China-Canadian Relations, Huawei's Proposed 5G Network, and Cyber Espionage


In 2016, a Chinese telecommunication company (China Telecom) covertly diverted South Korean-bound Canadian internet traffic directly through and into China over a period of 6 months. According to Israeli cybersecurity specialist and electrical-engineering expert Yuval Shavitt, Rogers subscribers (which includes businesses of various sizes) in and around Canada's national capital area were particularly affected. Shavitt used this incident as a case-in-point to caution the Canadian government from doing business with Huawei Technologies, another Chinese telecommunications giant which is contending to build Canada's next-generation 5G wireless communications networks. 

The "Shavitt-Demchak" report within which this incident was first explained described how China Telecom uses two and eight points of presence in Canada and the U.S. respectively to take "information-rich" Internet traffic crossing its network with noticeable effect to the end user/consumer. The report in question called internet points of presence the "perfect scenario for long-term espionage" as local alarm bells would not be raised about "long-term traffic detours". 

The danger with allowing Chinese companies like Huawei into Canadian markets is that many of these large Chinese companies are either state-owned companies or have government officials occupying executive positions. Even with privately owned Chinese companies with no government officials in executive positions, Chinese companies have a dangerous tendency of co-operating with the Chinese-government. Despite any of the above, Huawei has repeatedly denied that it co-operates with Chinese intelligence or ever would, stating that it would be highly detrimental to the company's business and affairs. 

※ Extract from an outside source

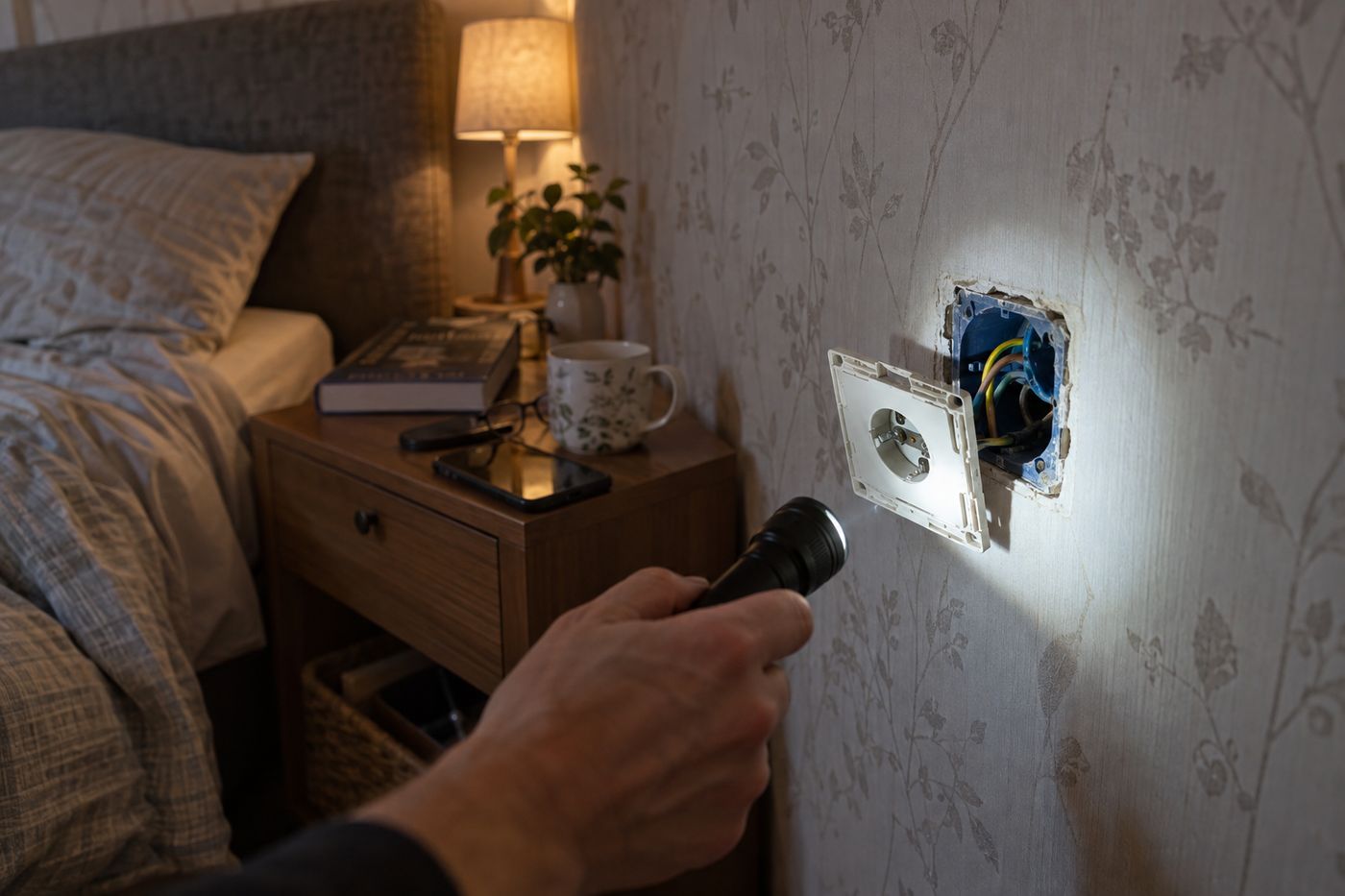 Removed outlet box in a wall shared with neighbors — a route for bed bugs between units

Needless to say, the decision as to whether or not Huawei should be permitted to proceed with its plans to supply hardware and software to Canadian companies has become highly politicized due to the recent arrest of Huawei's chief financial officer by Canadian officials. The arrest was made at the request of U.S. authorities, which are seeking to have Huawei's CFO extradited to the U.S. to face 23 criminal charges, notably fraud, trade-secret theft, conspiracy, and violations of international sanctions imposed on Iran. Since the arrest, China has jailed to Canadian citizens working in China and has imposed a death sentence on a third Canadian citizen. 

In 2016, CSIS (Canadian Security Intelligence Service) had issued a warning to the effect that China and Russia were zeroing their cyber espionage efforts on Canadian government officials, information systems, classified information, advanced technology, corporate secrets, and intellectual property of Canadian companies.